I wasn’t sure what to do with ourselves today, as it was all rainy, until a friend of mine sent a message that it would be a great idea to make home-made volcanos. “Aha! YES!” Now, seeing as I haven’t made homemade volcanos in a while (I’m a high school science teacher), I had forgotten the perfect baking soda to vinegar ration needed to make the best explosion. I quickly googled ‘how to make a volcano’ and a million blog posts and wiki’s came up on how to make one. I instantly felt my mind get overwhelmed.

Oh geez, we have to actually ‘make a volcano’. Look these people have made theirs out of clay… well, we have clay… oh but it will take an hour to dry… and these people made theirs out of newspaper… oh, but then we have to paint it and it has to dry… and these people put yellow and red food colouring in theirs… well, we have red and yellow food colouring. And, what really made it worse, was my chemistry teacher mind started to analyze. I was thinking, a ‘homemade volcano’ doesn’t actually stimulate a volcano at all, with molten lava, it’s really a chemical reaction. So, then, I started thinking at it from a chemist’s point of view… which one is the limiting reagent (meaning which one will stop reacting first), etc. My mind got so caught up in making ‘the perfect volcano experience’ that before I knew it, the kids had started fighting.

I starting getting really mad at them, telling them they needed to stop and in my head I was screaming, “Would you shut the f*ck up, I can’t even think!!!

Then, I stopped.

What was I doing?! My kids are 4 and not even 2! What. The. Hell. They don’t care what their stupid volcano looks like! And, what would they learn if I had gone through all of this trouble to make sure that we made some perfect volcano replica chemistry/art project? What, that I get stressed every time they have to ‘learn’ something?! (My friend who reminded me to make volcanos is probably laughing at me if she’s reading this). Oh, dear me…

So, I got off Pinterest or whatever I was looking at, and asked Margo what sort of container she would like to use. “A CUP!” She exclaimed. Ok, so, I got a cup. I said, “Here’s baking soda and vinegar, let’s see what happens if we put them together.” I also grabbed a big plastic tray to catch any overflow. She poured some vinegar in, then she put the baking soda in and voila! A volcano!

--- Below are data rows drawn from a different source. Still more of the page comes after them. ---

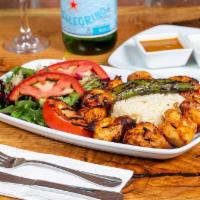 Chicken Kebab · Chunks of marinated chicken breast char-grilled on skewers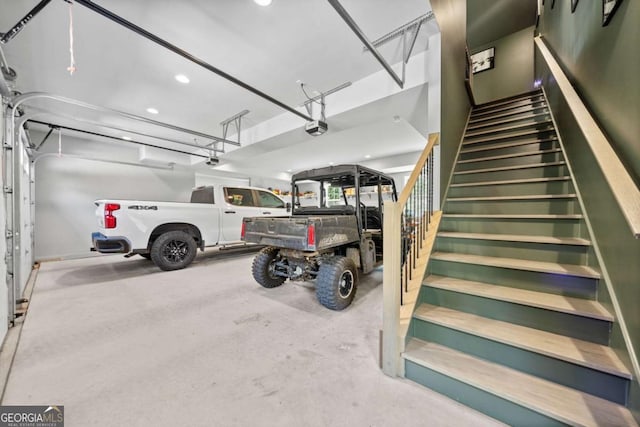 garage featuring recessed lighting and a garage door opener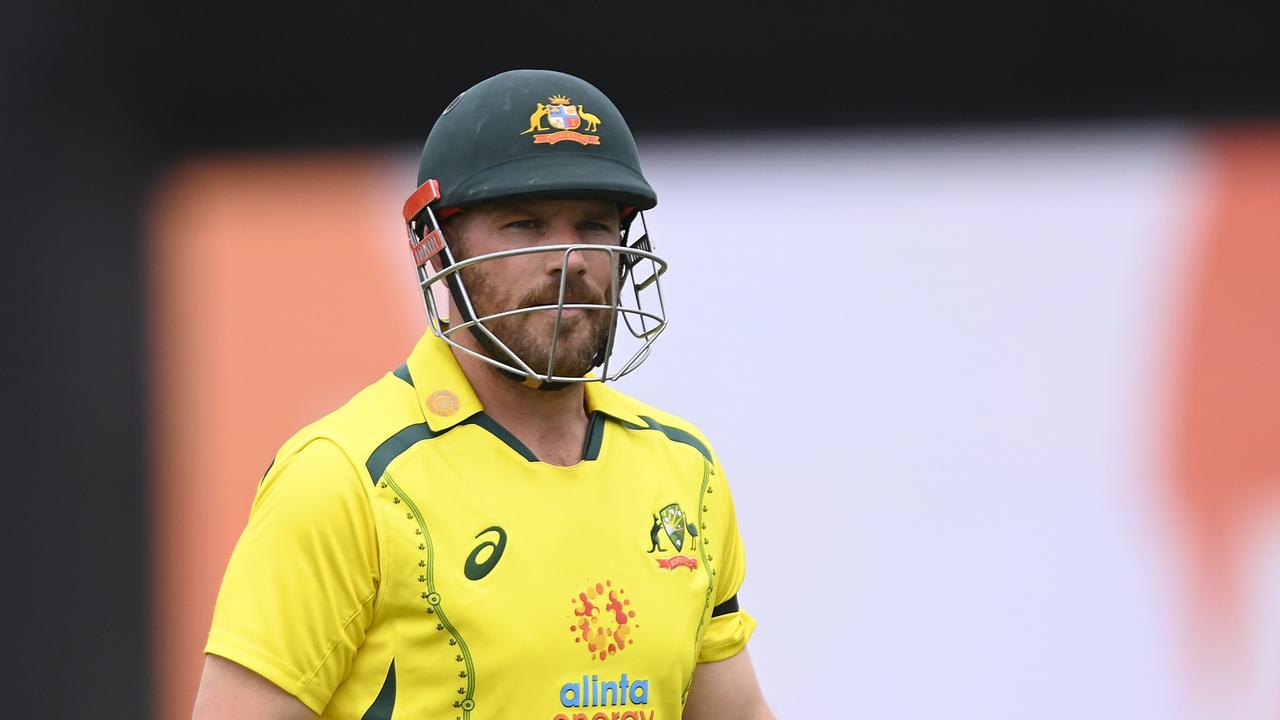 Aaron Finch of Australia walks from the field. Photo by Ian Hitchcock/Getty Images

LET’S DO IT AGAIN!!!” She cried. (the little one was scared and only wanted to watch).

Ok.” I said.

We did it again. And again. And again. By the end of it, do you know that she figured out all by herself how to find the perfect ratio of vinegar and baking soda to make the most impressive reaction? Not Pinterest. Not me (the chemistry teacher). It was her, a little four year old, who by trial and error found out how to do a chemistry experiment without me telling her a damn thing. To her, she was practicing her pouring skills and her coordination just to try and not spill anything! Maybe if she were 16 years old, then we could talk about what was really going on. And, if she were really keen, maybe one day she would want to make a volcano out of clay and paint it and pretend that it was real. But, for now, she was just happy to overflow her cup. Over and over again until all the vinegar had been used up.

It’s really amazing what kids can do if us stupid adults, with our preconceived notions of how things should be, can just step out of the way. She had such a blast and her mind was free to come up with her own conclusions based on her observations. Next time she asks to do this experiment, I’ll be sure to buy a much bigger bottle of vinegar!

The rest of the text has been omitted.